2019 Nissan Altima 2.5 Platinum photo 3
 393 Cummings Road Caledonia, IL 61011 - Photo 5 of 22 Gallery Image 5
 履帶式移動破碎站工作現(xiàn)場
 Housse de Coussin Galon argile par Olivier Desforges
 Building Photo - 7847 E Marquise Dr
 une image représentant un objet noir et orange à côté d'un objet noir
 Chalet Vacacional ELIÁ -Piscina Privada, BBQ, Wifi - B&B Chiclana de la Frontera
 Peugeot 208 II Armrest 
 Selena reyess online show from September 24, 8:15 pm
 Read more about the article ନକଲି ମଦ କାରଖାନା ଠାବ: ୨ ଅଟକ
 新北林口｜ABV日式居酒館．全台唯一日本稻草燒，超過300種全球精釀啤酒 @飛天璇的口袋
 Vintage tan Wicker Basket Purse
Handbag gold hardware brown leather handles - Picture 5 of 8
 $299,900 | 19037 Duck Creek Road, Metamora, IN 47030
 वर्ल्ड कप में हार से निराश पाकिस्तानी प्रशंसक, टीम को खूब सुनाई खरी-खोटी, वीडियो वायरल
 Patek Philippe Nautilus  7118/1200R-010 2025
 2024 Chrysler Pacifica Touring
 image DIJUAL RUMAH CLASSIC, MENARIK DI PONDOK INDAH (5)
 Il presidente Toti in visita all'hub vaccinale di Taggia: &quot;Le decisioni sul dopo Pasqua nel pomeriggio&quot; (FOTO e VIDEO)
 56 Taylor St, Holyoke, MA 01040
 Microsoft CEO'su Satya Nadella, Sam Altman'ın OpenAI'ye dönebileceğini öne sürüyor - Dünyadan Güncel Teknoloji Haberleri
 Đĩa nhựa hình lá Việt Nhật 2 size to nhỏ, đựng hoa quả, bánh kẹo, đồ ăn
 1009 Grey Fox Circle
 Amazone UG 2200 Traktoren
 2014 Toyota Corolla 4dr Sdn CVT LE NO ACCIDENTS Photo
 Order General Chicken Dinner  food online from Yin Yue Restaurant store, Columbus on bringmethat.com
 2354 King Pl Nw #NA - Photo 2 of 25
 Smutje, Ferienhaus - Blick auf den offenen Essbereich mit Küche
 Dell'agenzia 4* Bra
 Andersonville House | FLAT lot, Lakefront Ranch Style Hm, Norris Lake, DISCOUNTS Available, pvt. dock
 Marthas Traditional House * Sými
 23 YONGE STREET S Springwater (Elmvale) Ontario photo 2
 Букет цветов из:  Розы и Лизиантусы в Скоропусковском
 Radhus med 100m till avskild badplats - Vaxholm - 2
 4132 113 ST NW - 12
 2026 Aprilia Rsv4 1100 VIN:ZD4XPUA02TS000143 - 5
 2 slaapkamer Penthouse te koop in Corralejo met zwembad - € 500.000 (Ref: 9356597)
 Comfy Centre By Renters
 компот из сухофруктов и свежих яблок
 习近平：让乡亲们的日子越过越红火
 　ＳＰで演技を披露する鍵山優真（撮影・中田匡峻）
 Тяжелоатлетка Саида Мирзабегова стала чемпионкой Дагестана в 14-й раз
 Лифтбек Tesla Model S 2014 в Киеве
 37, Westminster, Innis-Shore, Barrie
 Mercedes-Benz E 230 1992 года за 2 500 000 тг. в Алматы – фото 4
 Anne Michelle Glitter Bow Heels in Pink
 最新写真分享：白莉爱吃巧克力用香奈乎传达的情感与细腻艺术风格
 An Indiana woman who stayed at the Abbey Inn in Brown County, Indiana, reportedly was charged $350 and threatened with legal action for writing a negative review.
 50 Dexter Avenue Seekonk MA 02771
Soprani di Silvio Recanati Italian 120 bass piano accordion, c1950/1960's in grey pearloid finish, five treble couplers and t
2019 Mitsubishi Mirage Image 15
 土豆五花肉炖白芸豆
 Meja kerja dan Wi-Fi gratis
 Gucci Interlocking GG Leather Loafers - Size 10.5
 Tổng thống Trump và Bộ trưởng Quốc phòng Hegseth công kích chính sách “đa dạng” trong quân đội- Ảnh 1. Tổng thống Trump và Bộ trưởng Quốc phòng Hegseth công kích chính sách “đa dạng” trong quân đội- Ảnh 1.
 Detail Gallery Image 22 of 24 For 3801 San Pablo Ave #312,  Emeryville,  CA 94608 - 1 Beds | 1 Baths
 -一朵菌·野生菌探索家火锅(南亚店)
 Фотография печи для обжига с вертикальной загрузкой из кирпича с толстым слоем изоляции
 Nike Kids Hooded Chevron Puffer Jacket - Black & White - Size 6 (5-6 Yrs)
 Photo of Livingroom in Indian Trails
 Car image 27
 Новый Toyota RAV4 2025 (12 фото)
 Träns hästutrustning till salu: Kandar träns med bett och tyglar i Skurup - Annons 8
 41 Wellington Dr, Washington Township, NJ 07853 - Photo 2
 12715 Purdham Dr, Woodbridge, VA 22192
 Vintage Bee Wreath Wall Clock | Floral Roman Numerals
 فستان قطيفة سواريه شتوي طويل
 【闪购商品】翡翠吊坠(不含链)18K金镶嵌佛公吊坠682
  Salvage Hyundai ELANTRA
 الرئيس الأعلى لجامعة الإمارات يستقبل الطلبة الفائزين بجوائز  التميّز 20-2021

──────────────────────────────

What to work on:
In the listing above, find the line with "Metamora, IN 47030" and the line with "Microsoft CEO'su Satya". Output those two lines and every line between them, exactly as written.

Written solution:
 $299,900 | 19037 Duck Creek Road, Metamora, IN 47030
 वर्ल्ड कप में हार से निराश पाकिस्तानी प्रशंसक, टीम को खूब सुनाई खरी-खोटी, वीडियो वायरल
 Patek Philippe Nautilus  7118/1200R-010 2025
 2024 Chrysler Pacifica Touring
 image DIJUAL RUMAH CLASSIC, MENARIK DI PONDOK INDAH (5)
 Il presidente Toti in visita all'hub vaccinale di Taggia: &quot;Le decisioni sul dopo Pasqua nel pomeriggio&quot; (FOTO e VIDEO)
 56 Taylor St, Holyoke, MA 01040
 Microsoft CEO'su Satya Nadella, Sam Altman'ın OpenAI'ye dönebileceğini öne sürüyor - Dünyadan Güncel Teknoloji Haberleri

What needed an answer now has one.